Caption-style text data:
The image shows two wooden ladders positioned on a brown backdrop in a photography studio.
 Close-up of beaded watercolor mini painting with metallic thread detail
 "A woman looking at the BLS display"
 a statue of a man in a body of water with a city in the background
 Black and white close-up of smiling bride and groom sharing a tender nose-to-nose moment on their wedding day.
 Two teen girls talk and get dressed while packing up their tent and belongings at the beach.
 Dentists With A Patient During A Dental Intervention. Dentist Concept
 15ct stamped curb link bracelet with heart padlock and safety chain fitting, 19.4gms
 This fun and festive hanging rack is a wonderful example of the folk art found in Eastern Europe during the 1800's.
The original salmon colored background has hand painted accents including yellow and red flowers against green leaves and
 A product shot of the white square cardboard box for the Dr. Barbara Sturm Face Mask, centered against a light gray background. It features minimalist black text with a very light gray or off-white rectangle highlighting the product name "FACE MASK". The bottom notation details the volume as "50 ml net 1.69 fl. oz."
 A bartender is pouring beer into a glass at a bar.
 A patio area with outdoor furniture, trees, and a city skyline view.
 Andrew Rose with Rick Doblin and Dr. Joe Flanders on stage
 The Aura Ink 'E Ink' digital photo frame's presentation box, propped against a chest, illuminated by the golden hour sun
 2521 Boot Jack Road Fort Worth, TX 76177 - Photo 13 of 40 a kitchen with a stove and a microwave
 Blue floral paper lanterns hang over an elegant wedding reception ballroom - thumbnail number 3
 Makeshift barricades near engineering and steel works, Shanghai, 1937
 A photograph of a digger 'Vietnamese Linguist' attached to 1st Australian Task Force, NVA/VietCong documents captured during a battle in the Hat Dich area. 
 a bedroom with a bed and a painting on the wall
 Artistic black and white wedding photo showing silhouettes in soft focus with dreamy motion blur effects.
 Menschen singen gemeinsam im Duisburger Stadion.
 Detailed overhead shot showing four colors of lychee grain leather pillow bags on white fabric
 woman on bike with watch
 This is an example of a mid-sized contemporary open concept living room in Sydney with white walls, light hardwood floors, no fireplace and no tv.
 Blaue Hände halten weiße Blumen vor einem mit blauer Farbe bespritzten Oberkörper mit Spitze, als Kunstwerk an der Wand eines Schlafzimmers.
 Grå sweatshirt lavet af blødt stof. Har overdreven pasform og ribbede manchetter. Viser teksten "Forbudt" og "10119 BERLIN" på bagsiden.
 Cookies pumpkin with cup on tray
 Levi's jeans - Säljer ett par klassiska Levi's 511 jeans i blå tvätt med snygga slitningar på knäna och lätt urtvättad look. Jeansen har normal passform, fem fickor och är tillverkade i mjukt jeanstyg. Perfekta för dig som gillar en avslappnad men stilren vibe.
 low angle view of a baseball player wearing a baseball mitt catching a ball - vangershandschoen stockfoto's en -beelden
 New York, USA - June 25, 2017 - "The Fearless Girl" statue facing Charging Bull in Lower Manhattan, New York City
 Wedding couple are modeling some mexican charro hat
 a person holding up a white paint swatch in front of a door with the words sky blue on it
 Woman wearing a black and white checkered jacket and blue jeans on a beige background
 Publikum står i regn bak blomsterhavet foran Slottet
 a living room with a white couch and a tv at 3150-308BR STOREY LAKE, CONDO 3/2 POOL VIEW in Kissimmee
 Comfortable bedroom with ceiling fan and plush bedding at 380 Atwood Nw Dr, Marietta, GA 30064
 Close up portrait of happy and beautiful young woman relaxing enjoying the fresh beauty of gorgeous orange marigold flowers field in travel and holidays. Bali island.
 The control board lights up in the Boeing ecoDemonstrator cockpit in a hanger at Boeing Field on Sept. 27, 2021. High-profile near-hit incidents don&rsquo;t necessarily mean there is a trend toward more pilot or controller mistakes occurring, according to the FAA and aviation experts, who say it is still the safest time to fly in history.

What is needed: Whenever the string "against" turns up in a line of the data, copy that line.

Result of this task:
The original salmon colored background has hand painted accents including yellow and red flowers against green leaves and
 A product shot of the white square cardboard box for the Dr. Barbara Sturm Face Mask, centered against a light gray background. It features minimalist black text with a very light gray or off-white rectangle highlighting the product name "FACE MASK". The bottom notation details the volume as "50 ml net 1.69 fl. oz."
 The Aura Ink 'E Ink' digital photo frame's presentation box, propped against a chest, illuminated by the golden hour sun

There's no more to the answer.